Öffentliche Präsentation

Liebe Freunde der Malerei,

ich lade Sie und Ihre Freunde sehr herzlich zur
Öffentlichen Präsentation zum Studienabschluss von Ursula Kornfeld
am Freitag, 07.09.2018 um 20 Uhr
in die Akademie für Malerei Berlin, Hardenbergstr. 9, 10623 Berlin ein.

Ursula Kornfeld wird in Ihrem Vortrag die letzten zwei Jahre Ihres Malereistudiums resümieren.

Zum Studienabschluss erscheint ein Katalog.

Ursula Kornfeld ist eine stetige Zeichnerin und konzeptionelle Künstlerin.

Fineliner und Skizzenbücher sind ihre ständigen Begleiter und sie zeichnet, was sie sieht, notiert, was ihre
Aufmerksamkeit erregt, kontinuierlich, Tag für Tag.
Das Projekt, das sie daneben in den letzten Jahren am Stärksten beschäftigt hat, kreist um ihre direkte Umgebung, ihren Alltag und ihr Leben im Berliner Stadtteil Friedenau.

Ziel ist ein subjektives Portrait ihres Stadtteils, Anekdoten- und detailreich, für alle wiedererkennbar.
Sie zeichnet vertraute Orte und Situationen mit Tuschestiften oder Markern auf Leinwände verschiedener Formate und koloriert diese mit farbigen chinesischen Tuschen in verschiedener Intensität.

Wir schauen mit ihr aus dem Fenster, sitzen in ihrem Café, sehen abgestellte Fahrräder und werfen einen Blick auf die Auslagen ihrer Nicolaischen Buchhandlung, des ältesten Buchladens Berlins.
Bei Ursula Kornfeld spielt stets auch das Prozesshafte eine große Rolle.

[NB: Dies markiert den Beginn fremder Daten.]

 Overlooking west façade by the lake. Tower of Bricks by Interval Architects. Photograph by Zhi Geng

Sie arbeitet ohne »doppelten Boden« und findet es gut, dass der Entstehungsprozess immer sichtbar ist.

So bleiben Stellen offen, die sie später verändert hat.

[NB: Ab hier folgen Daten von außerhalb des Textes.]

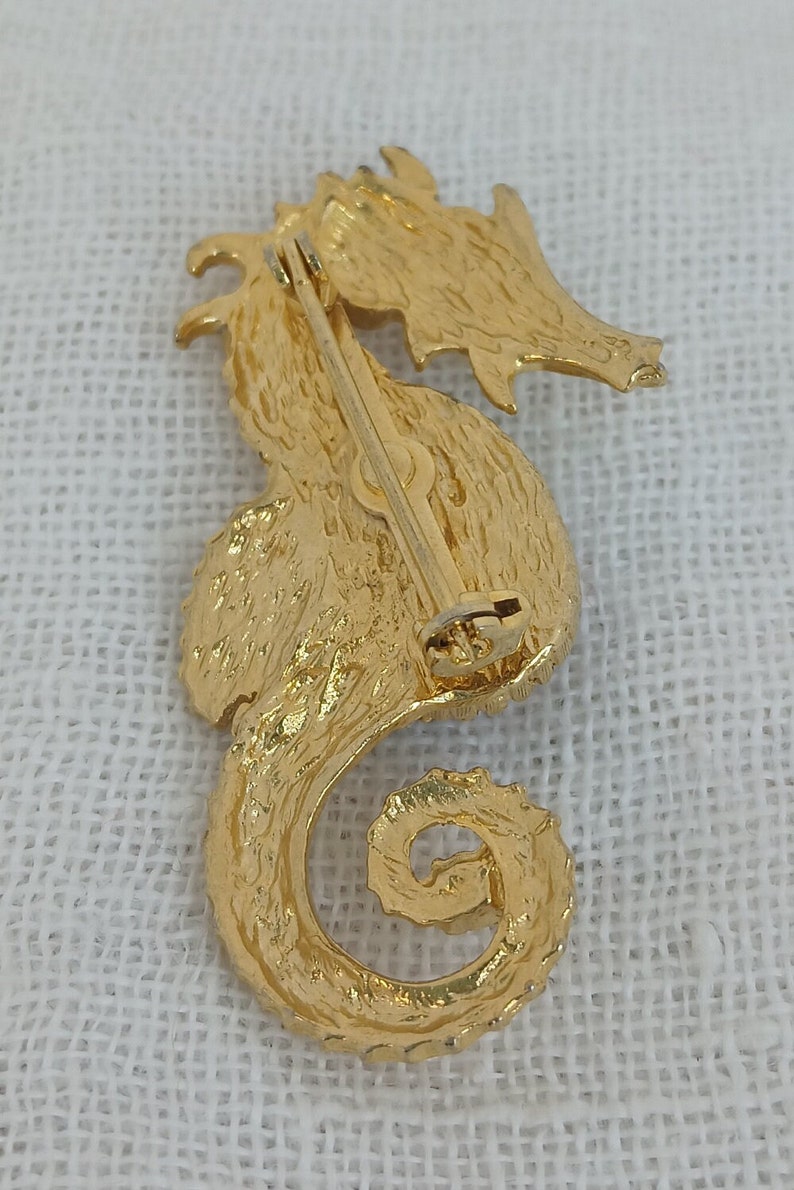 May include: Gold-toned seahorse brooch with a textured finish. The brooch has a pin and catch closure on the back.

Nichts wird versteckt. Sie ärgert sich auch nicht über Korrekturen, sondern macht einfach weiter. Frei nach dem John-Cage-Motto »I welcome everything that comes next!« legt sie dabei eine beeindruckende Offenheit an den Tag.

Diese positive »heitere Arglosigkeit« merkt man den Arbeiten von Ursula Kornfeld an.

Es entsteht ein farbintensives, vielfältiges Bild ihres Themas.

So frei sie in den Leinwandarbeiten agiert, um so genauer geht sie bei der Planung und Ausführung
ihrer Zeichnungen auf Papier vor.

Auch diese tragen ihre Handschrift, auch diesen kleinen Serien liegt eine Idee zugrunde. Sie erscheinen aber viel stärker durchgearbeitet und benötigen viel mehr Zeit:

So sieht man einen Schokoladen-Maikäfer in verschiedenen Zuständen – bis hin zur leeren und zerknitterten Folie – mit Blei- und Farbstiften genauestens durchgearbeitet.

Das Faszinierende am Ursula Kornfelds Arbeit ist ihre Unmittelbarkeit, das Direkte, Unverstellte und die große Leichtigkeit, die all ihren Werken anhaftet.
Ich bin – mit ihr – immer gespannt, was als Nächstes kommt und wünsche Ursula Kornfelds Arbeit den ihr gebührenden Erfolg!